▸ What you need to do
Output, exactly as written, the lines below from the one that has "Waterloo Honour Medal Obverse" through the one that has "Patent US11781889 Figure"; nothing else, and no pictures.

▸ Information supplied
_ _ _ _ _ _ _

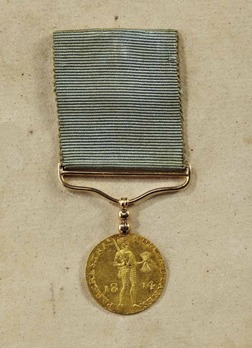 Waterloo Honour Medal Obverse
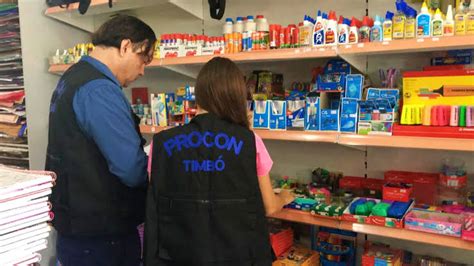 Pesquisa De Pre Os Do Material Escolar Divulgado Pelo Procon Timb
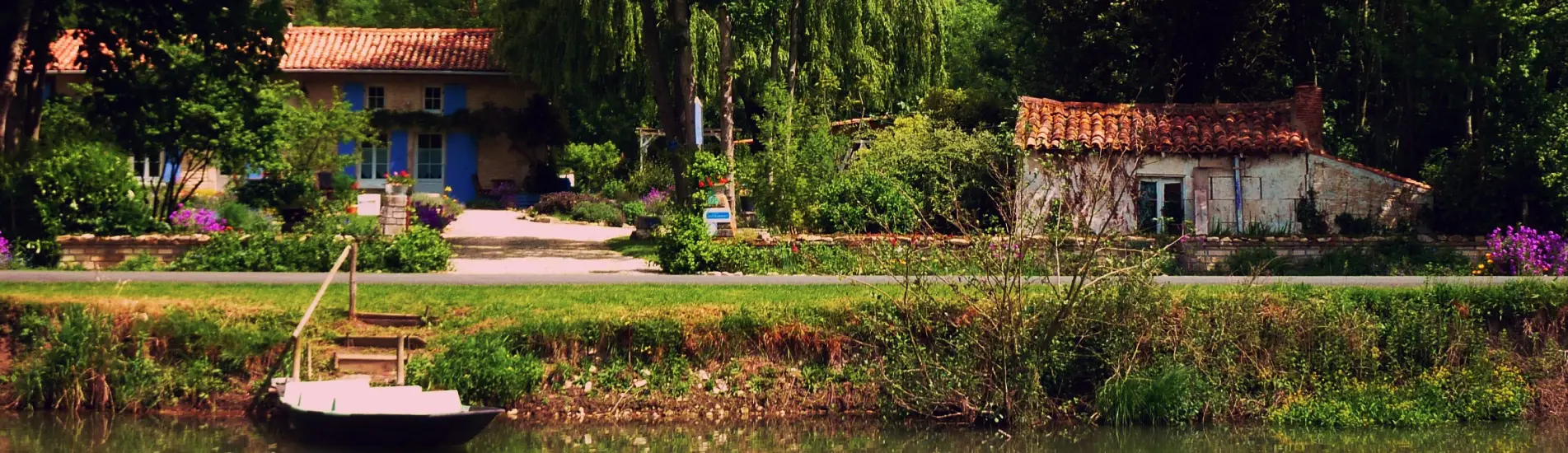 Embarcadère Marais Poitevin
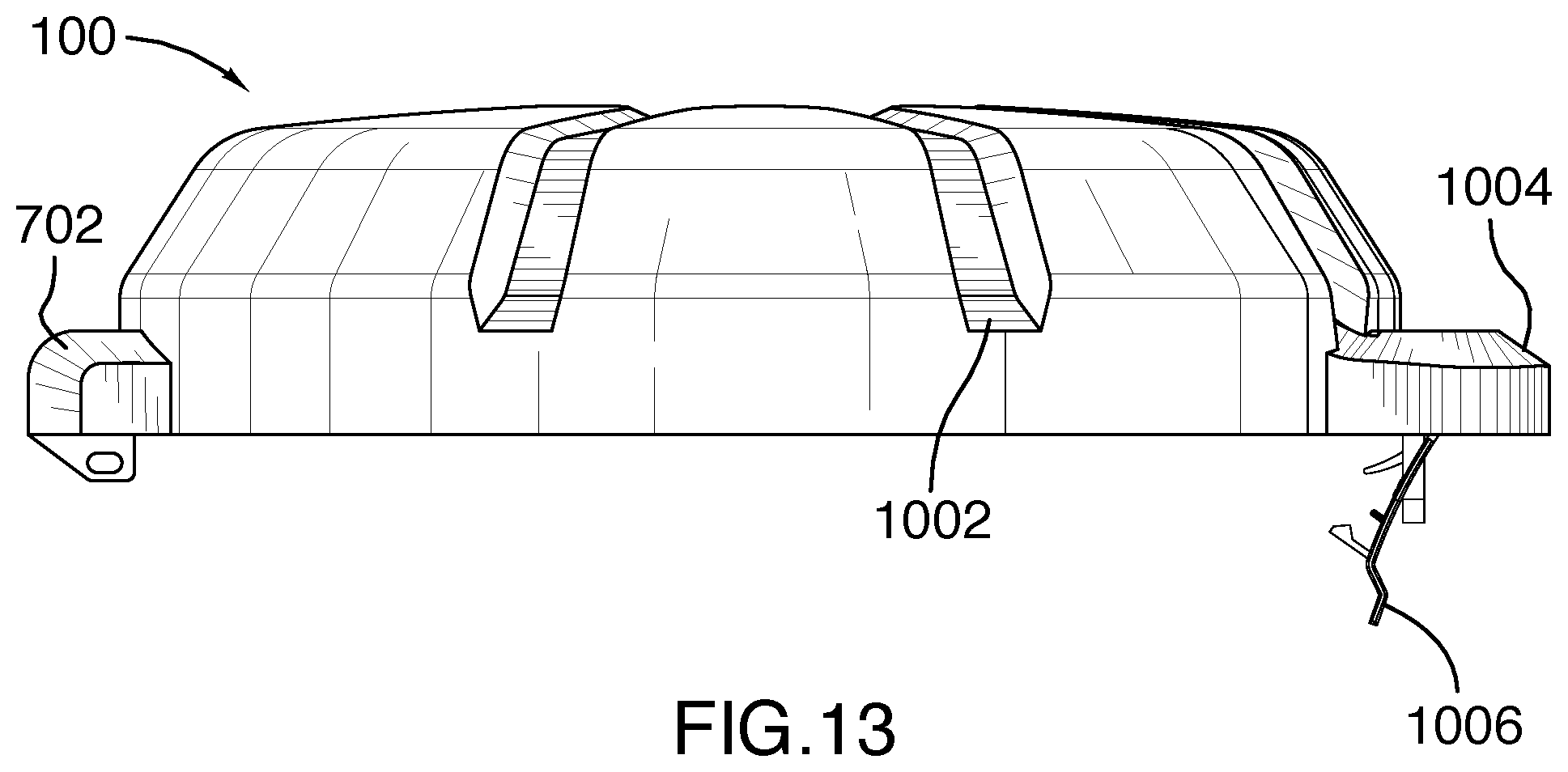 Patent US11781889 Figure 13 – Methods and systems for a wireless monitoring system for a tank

_ _ _ _ _ _ _

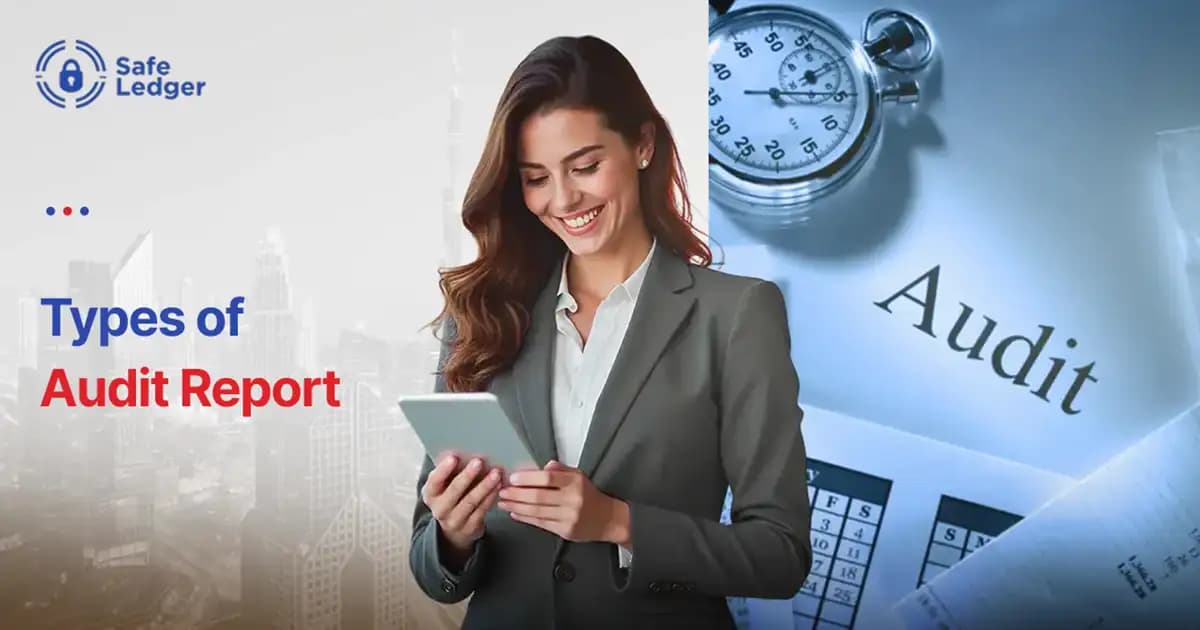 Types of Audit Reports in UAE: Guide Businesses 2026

_ _ _ _ _ _ _

▸ Result
 Waterloo Honour Medal Obverse
 Pesquisa De Pre Os Do Material Escolar Divulgado Pelo Procon Timb
 Embarcadère Marais Poitevin
 Patent US11781889 Figure 13 – Methods and systems for a wireless monitoring system for a tank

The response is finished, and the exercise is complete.